There were too many isos called late in the game, and too many pick-and-rolls ended up with Curry getting trapped by Chris Paul and Jordan, but in a way this was kind of a perfect Jackson game due to its imperfection. The Warriors were trailing through most of the first half, and it took a ferocious defensive effort in the third quarter (the Clippers scored just 16 points on 29.2% shooting) to give Golden State a three-point edge headed into the fourth.
After the game, Jackson was more emotional than I’ve ever seen, and he effectively spread the Warriors’ dirty laundry across the podium.
“I’m in that state of mind all the time. I’m an emotional guy, so I’ve found myself in huddles ready to — my wife will call me and say you looked like you were ready to cry. I’m amazed that it’s me. I’m amazed that it’s these guys. I’m amazed that we were picked for this opportunity. I don’t take it for granted, and I want to let them know how proud I am of them and how hard they fight. Some folks don’t like it. Some folks don’t like it, and that’s fine. But the way that this team conducts itself, in spite of everything that we’ve gone through, all the lies, all the adversity, all the sources, I could not be prouder, because what we are doing collectively speaks against it. Somebody’s lying.”
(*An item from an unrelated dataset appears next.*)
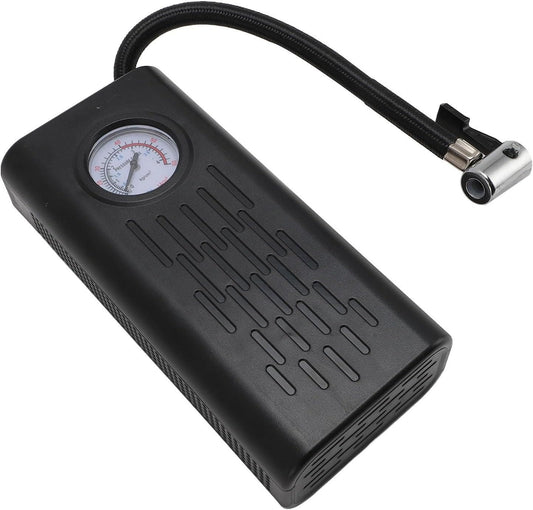 All in one Air Compressor Tire Inflator and Power Bank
Jackson gets at least one more game to make his case.
— Remember when Joe Lacob went crazy?
Maybe this kid is related?
— Andre Iguodala didn’t do much in the first half, but he had a three-minute stretch late in the fourth quarter where he nailed a 17-foot turnaround jumper over Jordan, grabbed three defensive rebounds and hit a three while drawing Griffin’s sixth foul. Iguodala flopped like a fish out of water on the play, but hey — in this series, a flop like that is as rare as a player sipping from a cup of water after taking a seat on the bench.
— Jermaine O’Neal’s knee was smashed by an out-of-control Glen Davis, and the impact knocked him out of the game. Unless the MRI says torn ACL, O’Neal says he’ll play.
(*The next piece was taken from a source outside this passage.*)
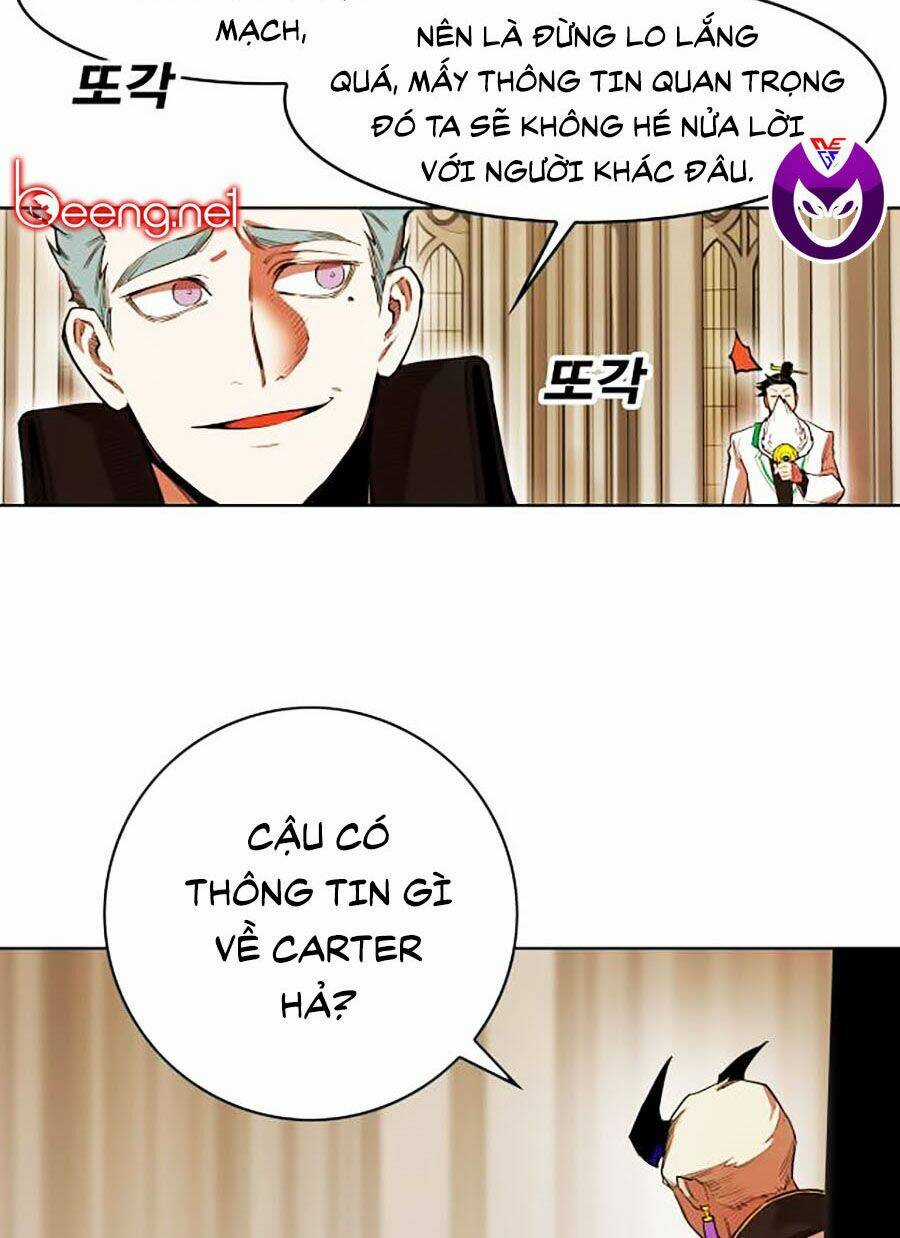 Hard Core Leveling Warrior Ss2 - Chapter 61 - Trang 38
— Is Paul hurt? It certainly seemed like his right hamstring bothered him throughout the game when chasing Curry around screens (although he did a pretty good job after the first quarter), and he scored a series-low nine points on 3-of-10.
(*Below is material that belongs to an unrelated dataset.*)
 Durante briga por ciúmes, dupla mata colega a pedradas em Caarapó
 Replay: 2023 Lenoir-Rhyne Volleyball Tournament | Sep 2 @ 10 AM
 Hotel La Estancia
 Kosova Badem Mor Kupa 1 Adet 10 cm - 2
— According to the Warriors, this was their first elimination game victory since May 10, 1987 (the Sleepy Floyd game) against the Lakers, breaking a streak of seven straight elimination game defeats.
— Klay Thompson played good on-ball defense, but other than his performance was forgettable. He missed his first several shots, finished with nine points (3-for-11), one rebound and one assist. He’s had a very strong series until Thursday night, so I’m predicting we’ll see him bounce back on Saturday.
— Speaking of predictions, I thought the Warriors would win this game 100-93. I was half right, and I would’ve won if I placed money on this game since the Clippers were favored by a point going in.
— “We are an excellent road team. We’re excited. We earned this platform. We’re going to embrace it, and we’re looking forward to it,” Jackson said. “I once played for an incredible coach, I’m not going to say his name, gave the most incredible pregame speeches. We had a Game 7 once on the road, and he gave one. My only thought during that time was as a player, we didn’t need it that day. I don’t have to tell my guys anything in Game 7. They knew exactly what we’ve got to do.”
Was that coach Pat Riley or Larry Brown? We may never know for certain, but we know that Jackson won’t spend the next two days typing up the perfect speech. We’ll see if he draws up the kind of gameplan that will allow the Warriors to pull off one more improbable road win.